Establishing the Rules

The key to dealing with the chaos was to structure it. I set up a system where each player would get 10-15 minutes of focused time to do their own thing, be it negotiating their way past the city gates, finding an inn, or seeking out a shop. As each player’s time was up, I’d pause the action and then move on to the next player. The pace was lightening quick, and depending on the number of players in attendance, everyone could get at least one, and possible two, actions in each hour.

Although I tried to move things along as quickly as possible, this plan still wouldn’t have worked if I didn’t have buy-in from my players. Everyone at the table understood what I was trying to do, and was enthusiastic about trying it. Moreover, once they had a chance to actually do it, they were even more excited. Unlike the normal group behavior of our traditional campaign, this campaign really allowed individuals to shine.

Moreover, it was enjoyable to watch. As we quickly moved around the table, a half-dozen stories were spawned, some funny, some challenging, all fun. In the first session alone we had an elven wizard trying to talk his way past a xenophobic city guardsman at the North Gate, a half-orc monk who was nearly killed by would-be thieves, and a halfling on the run from a neighboring city’s thieves guild struggling to find acceptance in a new adventuring guild … and in the process start a new messenger business.

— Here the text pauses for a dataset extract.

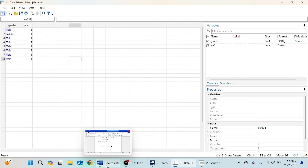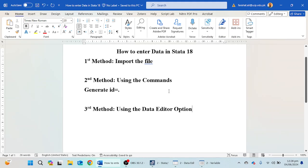So these are the three options to create or enter data in Stata 18 software: first, to import the file; second, using the generate or gen commands; and third, using the Data Editor option. You can modify labels and variable properties from the Variable Manager. I hope you have liked this video. Please do not forget to subscribe the channel, share the video. Thank you for watching, bye bye.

As things progressed we saw the self-same half-orc monk rise to folk hero status, the elf negotiate away his living arm in exchange for a grafted, magical replacement and a small horde of magical items, and saw two of the group’s less savory members establish their own strongarm guild … and then have the self-same guild destroyed by a powerful rival.

It made for compelling role-playing.

As the campaign progressed, something like a traditional party began to congeal. The player characters slowly found each other, and by the third session they were undertaking their first traditional adventure, a foray in to the city’s sewers. But more often than not what happened was that like found like, and factions formed with in the group. So you’d have one good-intentioned group trying to help the poor of the Mudsitters District while the party’s aristocrat pursued his goal of joining practical joke society known as the Cartographers, while the group’s two toughs formed their own mercenary group.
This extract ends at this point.